● **Exercise materials**
|---|
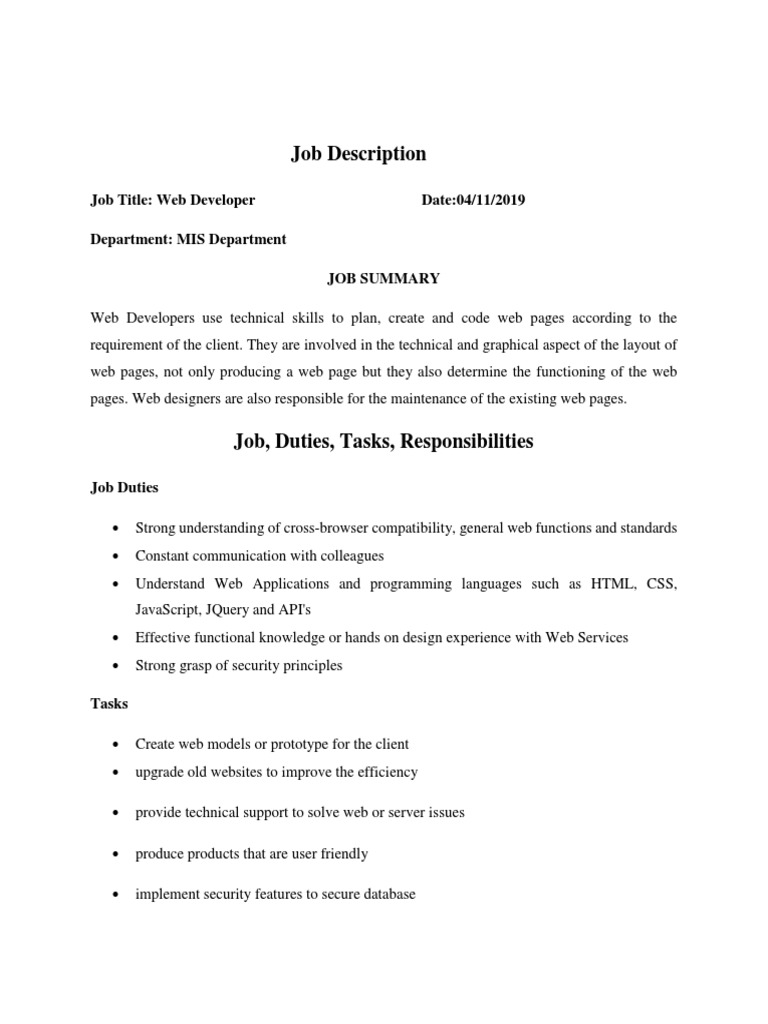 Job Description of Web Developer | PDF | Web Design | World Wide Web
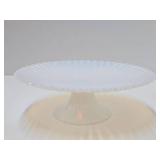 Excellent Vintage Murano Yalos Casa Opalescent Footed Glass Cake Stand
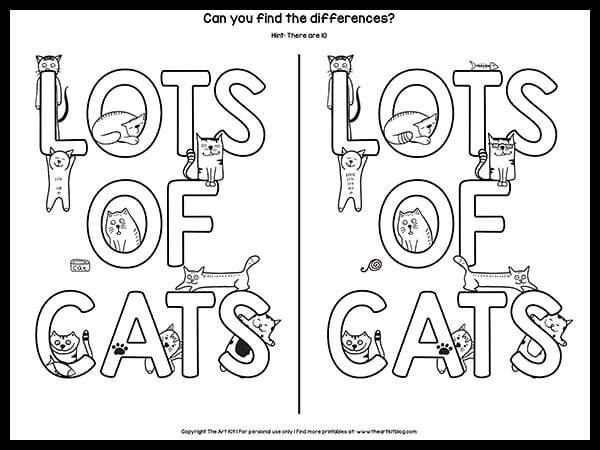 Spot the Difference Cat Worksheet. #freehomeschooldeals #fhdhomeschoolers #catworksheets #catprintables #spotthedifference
|---|
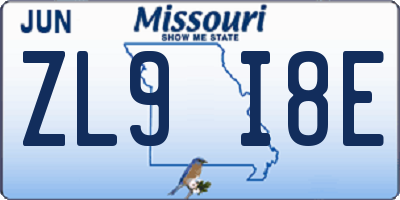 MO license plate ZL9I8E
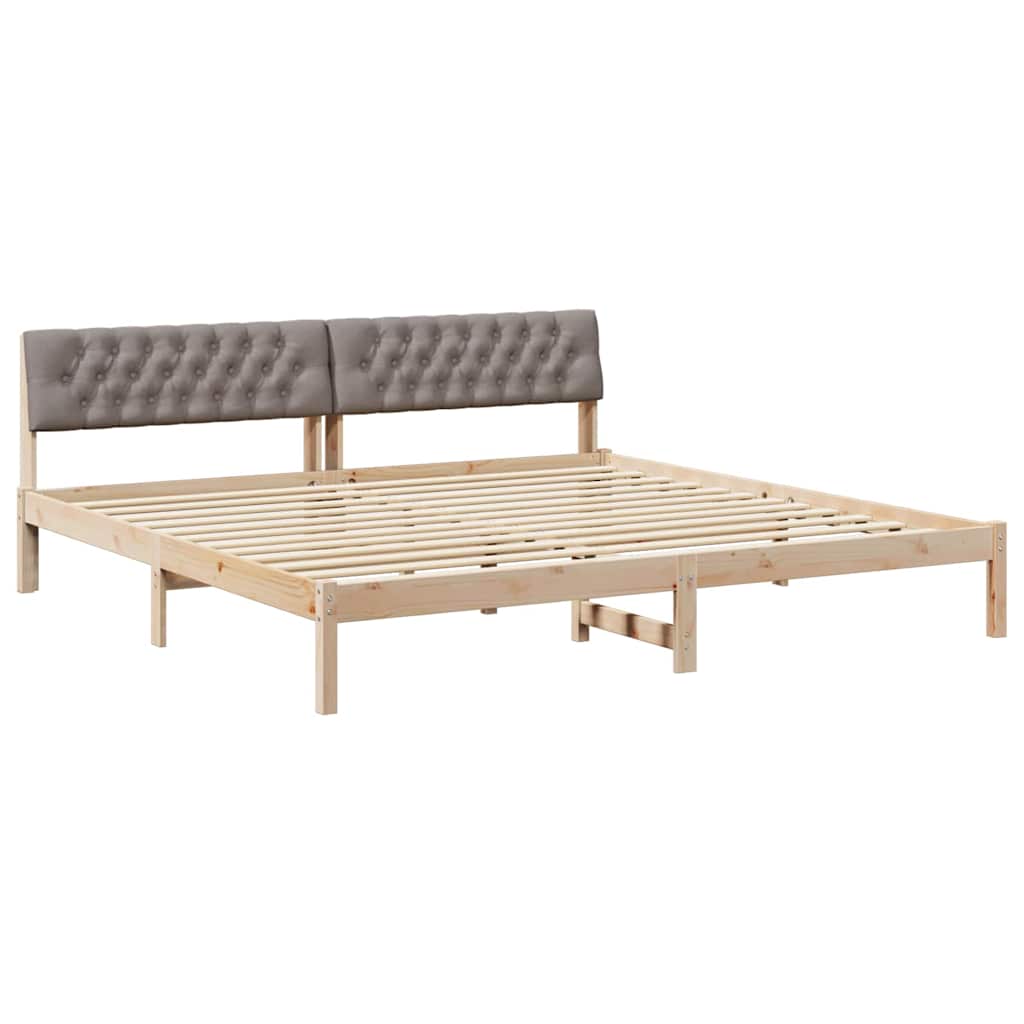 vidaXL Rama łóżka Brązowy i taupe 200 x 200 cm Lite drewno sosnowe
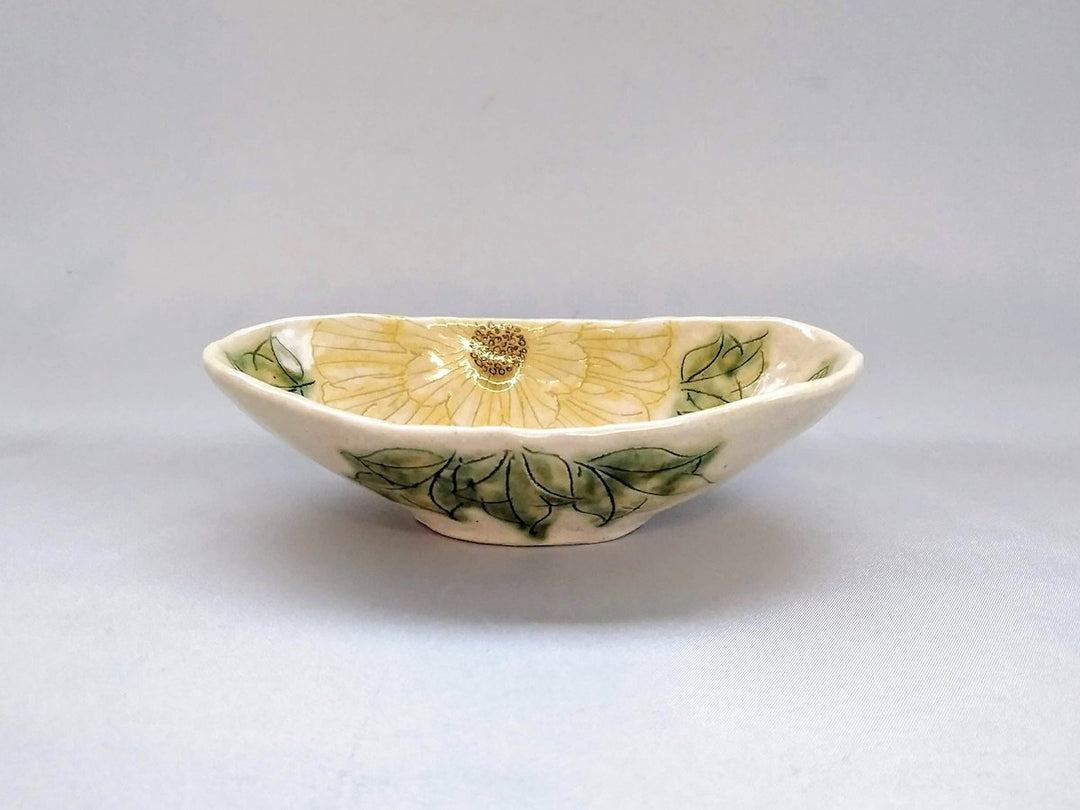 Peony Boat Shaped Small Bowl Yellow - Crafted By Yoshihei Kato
|---|
● **About this exercise**
Reproduce the data above exactly, but only the lines from the one showing "Job Description of" through the one showing "Spot the Difference", with both ends kept and the pictures left out.

● **Answer for this exercise**
 Job Description of Web Developer | PDF | Web Design | World Wide Web
 Excellent Vintage Murano Yalos Casa Opalescent Footed Glass Cake Stand
 Spot the Difference Cat Worksheet. #freehomeschooldeals #fhdhomeschoolers #catworksheets #catprintables #spotthedifference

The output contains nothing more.